Datalink Feedback VI: Semantics

Wed Apr 23 08:29:23 PDT 2014

Markus and all, hello.

The following email is quite 'bitty', consisting of rejoinders to Markus's points rather than assembling a continuous argument.

Short version:

  * I still maintain that SKOS is too vague to be useful for the intended purpose here, unless we add Datalink-standard-only meanings, and I try to elaborate this below.

  * The set of use-cases seems still very open-ended and fuzzy, so that I think it would be inappropriate to settle for a solution which can satisfy _only_ the core use-cases.

  * The RDF model perfectly matches what's being aimed at here.  In that, simple things are simple, but future extensions will be possible.  RDF isn't complicated and, to a first approximation here, consists of respelling skos:broader as rdfs:subPropertyOf.

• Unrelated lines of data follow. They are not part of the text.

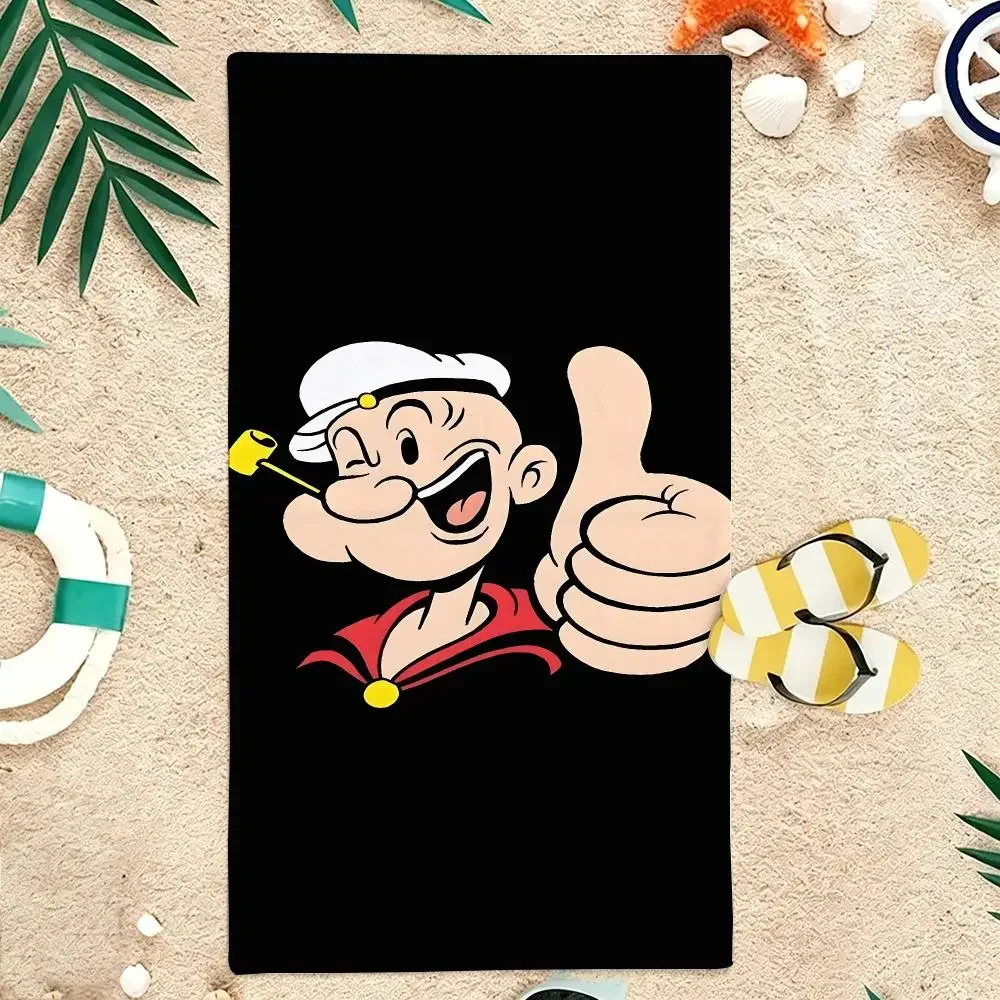 Vintage Cartoon P-Popeye the S-Sailor Towel Microfiber soft Beach Towel for Travel Fitness Sauna Bathing Camping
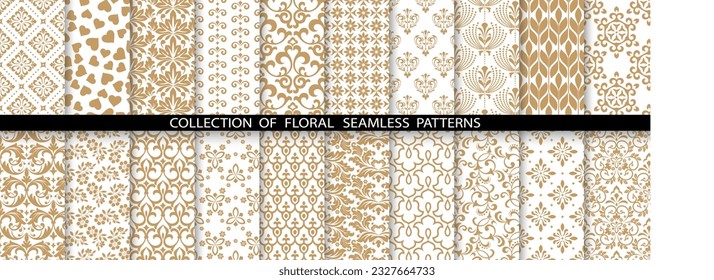 Conjunto floral geométrico de patrones sin soldadura. Antecedentes vectores de blanco y oro. Ornamentos gráficos de Damasco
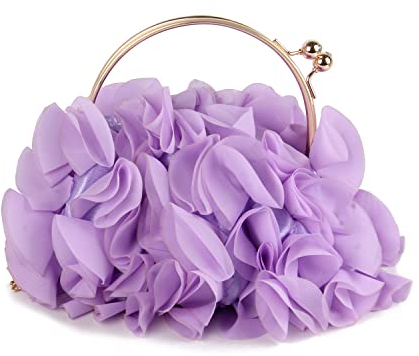 Jywmsc Bolsos de Embrague Florales para Mujer, Bolso de Noche de Flores de Satén, Bolsos de Fiesta de Graduación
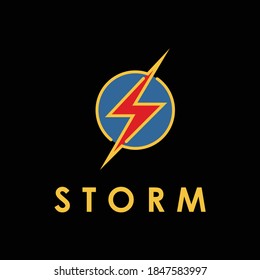 Illustration thunderbolt storm electric energy logo design vector 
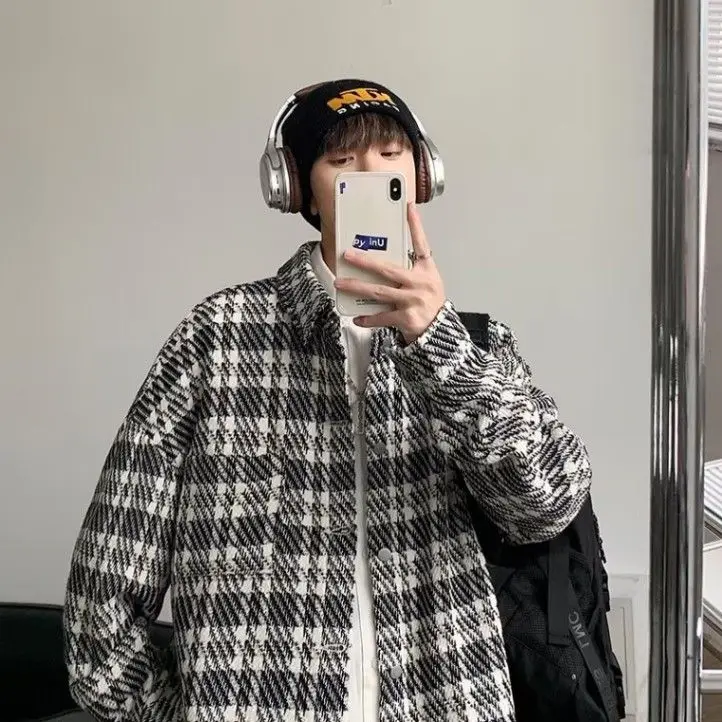 

Мужская клетчатая куртка в стиле преппи, весенне-осенняя крутая куртка большого размера Haome, модная брендовая куртка для пары irt Sle Jaet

On 2014 Apr 22, at 10:39, Markus Demleitner <msdemlei at ari.uni-heidelberg.de> wrote:

> On Thu, Apr 17, 2014 at 05:11:33PM +0100, Norman Gray wrote:
>> The short/blunt version of my remarks below is:
>> 
>>  1. I think the 'semantics' column should be URIs, not just a
>>  simple string from a pre-specified set.
>> 
>>  2. They should be conceived of as predicates, not types or SKOS concepts.
> 
> Hmmmmm.  I'm afraid I don't quite share those two assessments.  I
> *believe* that's due to the restricted use cases I have in mind.  To
> recap, these are
> 
> (1) Pre-filtering or sorting links for the user
> (2) Identifying the full data set
> (3bis) (half use-case as I don't see an implementation forthcoming): Use a
>  mask in an extraction task or something similar.
> 
> I'm sure we should be gathering more of those, but while that's all
> there is, I think we shouldn't build anything more complicated than
> what's required to support that.

Are those really all of the use-cases?  Your original message in this thread (7 April) suggested that there was one clear use-case, but a 'murky' prospect thereafter, and the expectation that there will be a longer list of requirements which will be extracted from service operators.  Pat also said (as I interpret his message yesterday) that there are some clear use-cases (which match the ones above), but also an uncertain list of use-cases in the slightly longer term.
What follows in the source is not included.